L’obiettivo nel trattamento del carcinoma mammario in fase precoce è fornire alle persone le migliori possibilità di cura, e questo potrebbe implicare un trattamento sia prima sia dopo l’intervento chirurgico, nell’ambito di un approccio terapeutico completo. Sebbene ci si avvicini sempre di più a questo obiettivo, nel lungo termine molte persone manifestano ancora una recidiva. Il trattamento neoadiuvante viene somministrato prima dell’intervento chirurgico, allo scopo di ridurre le dimensioni del tumore e contribuire a migliorare gli esiti chirurgici. Il trattamento adiuvante viene somministrato dopo l’intervento chirurgico ed è finalizzato all’eliminazione di eventuali cellule tumorali residue, per contribuire a ridurre il rischio di recidiva del tumore.
“L’Italia ha avuto un ruolo molto importante nello studio KATHERINE, con un totale di 19 Centri coinvolti che hanno reclutato in tutto 110 pazienti – spiega il Dott. Claudio Zamagni, Direttore Oncologia Medica Addarii Policlinico S. Orsola di Bologna e coordinatore dei centri italiani partecipanti allo studio. “Questa nuova opzione terapeutica ci pone di fronte ad un vero e proprio cambio di paradigma perché per la prima volta nel tumore HER2+ è possibile personalizzare la terapia sulla base della risposta patologica riscontrata: l’importante novità che ne deriva per la pratica clinica è che nelle donne con carcinoma mammario HER2 positivo useremo sempre di più la terapia neoadiuvante preoperatoria come strategia prioritaria”.

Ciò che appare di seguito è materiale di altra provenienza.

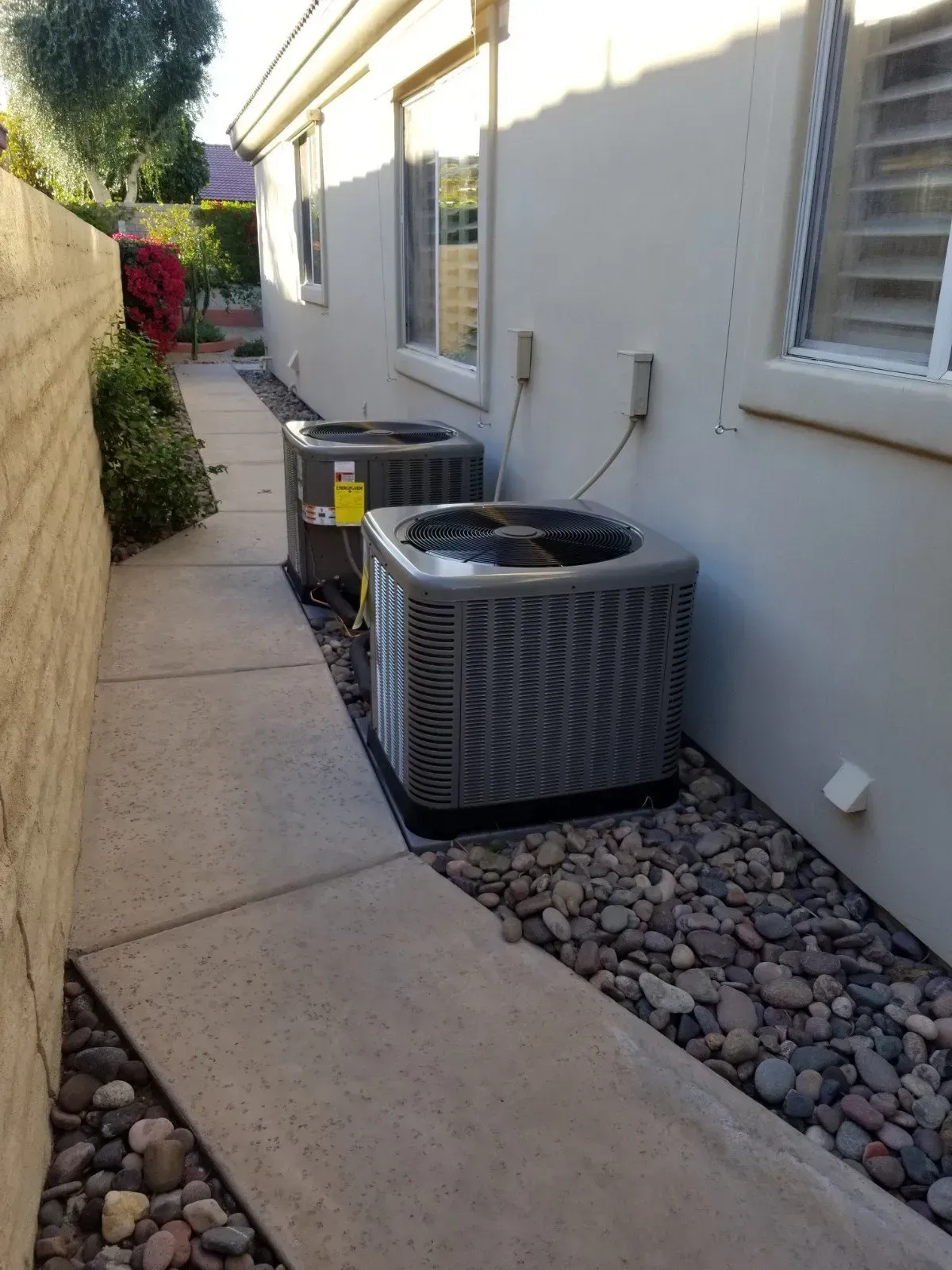 Two air conditioning units sit on a bed of rocks next to a building and concrete walkway.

“C’è un’attenzione elevatissima nei confronti delle pazienti con cancro HER2+ in fase precoce – continua Zamagni – perché è questa la finestra critica nella quale il tumore può essere efficacemente trattato. Avere a disposizione un farmaco efficace e mirato ci permette di personalizzare e migliorare le cure per le donne con residuo patologico, riducendo significativamente il loro rischio di recidiva, nella prospettiva di un sempre maggior numero di guarigioni”.

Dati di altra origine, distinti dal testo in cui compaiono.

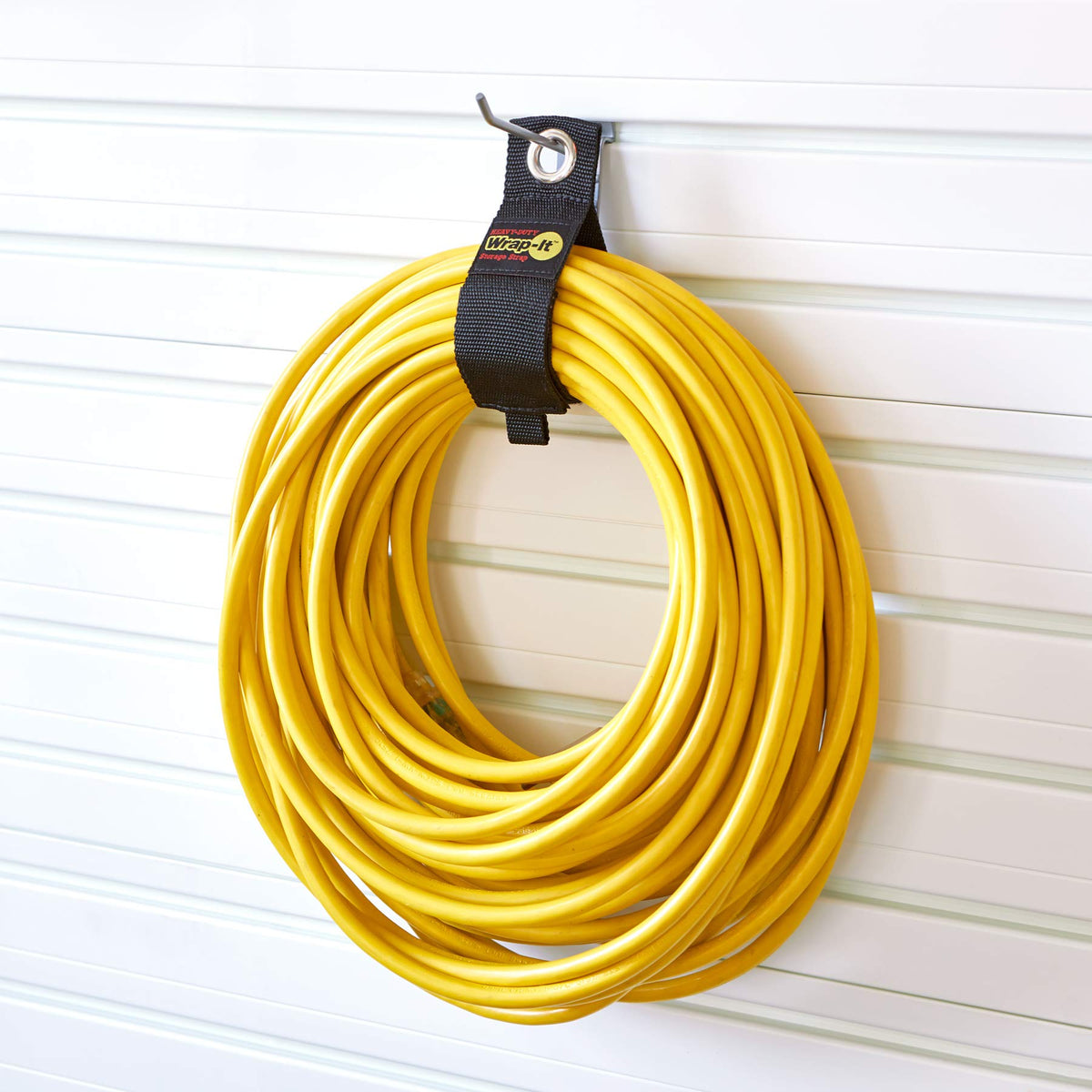 Wrap-It Storage hoses hung on garage pegboard using straps saving floor space benefit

I risultati dello studio KATHERINE sono stati presentati nel corso di una sessione orale, svoltasi alle 11.00 CST, al San Antonio Breast Cancer Symposium 2018 e sono stati annunciati nel programma ufficiale SABCS per la stampa alle 07.15 CST. Questi risultati saranno contestualmente pubblicati sul New England Journal of Medicine.
KATHERINE è uno studio internazionale di fase III multicentrico, randomizzato, in aperto, che valuta l’efficacia e la sicurezza di trastuzumab emtansine rispetto atrastuzumab come terapia adiuvante, nelle pazienti con carcinoma mammario HER2+ in fase precoce, che manifestano malattia invasiva residua nel seno o nei linfonodi ascellari in seguito a terapia neoadiuvante, terapia comprendente trastuzumab e chemioterapia a base di taxani. L’endpoint primario dello studio è l’iDFS, che in questo studio è definito come il tempo dalla randomizzazione alla recidiva di carcinoma mammario invasivo, o alla morte per qualsiasi causa. Gli endpoint secondari comprendono la sopravvivenza libera da malattia e la sopravvivenza globale.